L'"emergenza droga" che in questo periodo riempie giornali e televisioni con una valanga di parole in liberta' obbliga, secondo me, questa volta a qualche riflessione accurata. Questa volta in discussione non e' tanto la questione della punibilita' o meno del consumatore o quale intervento terapeutico sia piu' o meno accettabile. Quello delle cosiddette "nuove" droghe (che tanto nuove poi non sono) rappresenta un fenomeno rispetto al quale siamo tutti in ritardo ed in difficolta'. Sia per le caratteristiche del fenomeno, che per le caratteristiche delle sostanze, che per le caratteristiche degli utilizzatori. Una "cultura" ultra ventennale sviluppatasi attorno ei fenomeni eroina e cannabis e' oggi del tutto incapace di comprendere, analizzare ed elaborare soluzioni per un fenomeno che presenta tratti peculiari.Certo noi abbiamo cominciato a porre e a porci il problema tra i primi. Ma dal nostro punto di vista di antiproibizionisti radicali, proprio per la capacita' che in tutti questi anni abbiamo avuto di analizzare il fenomeno delle droghe e di elaborare proposte politiche (cioe' di governo del problema), rispondere alle sparate di Fini e compagnia con la sola parola d'ordine della legalizzazione non puo' e non deve bastare. Non fosse altro perche' la domanda che sorge spontanea, anche senza essere pregiudizialmente ostili, e' "legalizzare va bene ma come?".
Siamo di fronte a sostanze anfetaminiche capaci di produrre danni permanenti, forme di dipendenza e in certi casi anche la morte. Ma il problema, al limite, non e' nemmeno questo perche' entrano in gioco aspetti pecculiari legati al tipo di consumatore, alla percezione che egli ha del suo rapporto con la sostanza, alle caratteristiche di un mercato polverizzato, alla (relativa) facilita' con cui si possono produrre queste molecole, alla possibilita' di produrre molecole sempre nuove aggirando cosi' i successivi aggiornamenti delle tabelle indicanti le sostanze proibite, al fenomeno diffuso della poliassunzione.
Nel caso delle droghe sintetiche la proposta minima, informazione e controlli di qualita' sulle sostanze, va ovviamente benissimo, ma non e' una novita': e' gia' particata in Olanda, dove addirittura centri che si occupano di studio, prevenzione e intervento sul fenomeno, come il Jellinek, hanno preso anche contatto con spacciatori di medio livello per "coinvolgerli" in qualche modo sulla questione della qualita' delle sostanze.

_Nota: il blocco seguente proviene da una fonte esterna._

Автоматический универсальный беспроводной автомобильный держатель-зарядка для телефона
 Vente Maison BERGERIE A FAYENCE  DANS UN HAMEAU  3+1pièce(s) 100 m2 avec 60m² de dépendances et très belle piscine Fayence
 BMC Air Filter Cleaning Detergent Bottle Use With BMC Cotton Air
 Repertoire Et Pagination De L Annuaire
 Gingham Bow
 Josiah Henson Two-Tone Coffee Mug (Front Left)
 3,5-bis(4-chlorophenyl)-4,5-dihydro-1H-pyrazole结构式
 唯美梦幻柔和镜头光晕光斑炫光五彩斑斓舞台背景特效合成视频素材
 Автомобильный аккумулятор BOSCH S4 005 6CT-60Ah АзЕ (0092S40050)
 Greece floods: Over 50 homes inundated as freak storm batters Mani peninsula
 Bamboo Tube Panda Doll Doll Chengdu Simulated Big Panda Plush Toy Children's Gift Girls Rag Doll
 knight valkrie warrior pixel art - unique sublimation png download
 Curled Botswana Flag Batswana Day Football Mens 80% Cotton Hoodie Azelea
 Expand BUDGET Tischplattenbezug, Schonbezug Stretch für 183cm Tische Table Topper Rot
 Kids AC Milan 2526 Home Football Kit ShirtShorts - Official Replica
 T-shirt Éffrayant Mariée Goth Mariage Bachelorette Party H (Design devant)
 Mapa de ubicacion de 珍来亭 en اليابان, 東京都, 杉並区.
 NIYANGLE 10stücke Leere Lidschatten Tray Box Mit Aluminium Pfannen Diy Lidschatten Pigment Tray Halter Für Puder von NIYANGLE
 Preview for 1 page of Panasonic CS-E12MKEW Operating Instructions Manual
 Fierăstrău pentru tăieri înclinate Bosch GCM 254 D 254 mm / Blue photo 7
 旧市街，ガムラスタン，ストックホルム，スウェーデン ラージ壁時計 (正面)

Come radicali, quindi, dovremmo essere in grado di studiare ed elaborare una proposta piu' avanzata, come abbiamo fatto in altre circostanze. Ma rispetto alle "nuove droghe", per esempio, e' possibile elaborare qualcosa di nuovo, oppure la l'esempio olandese e' l'unico ragionevolmente possibile? Diffondere informazioni per un uso consapevole e collocare unita' mobili posti davanti a discoteche e rave parties per analizzare le pasticche va bene, ma oltre a questo cosa si puo' proporre?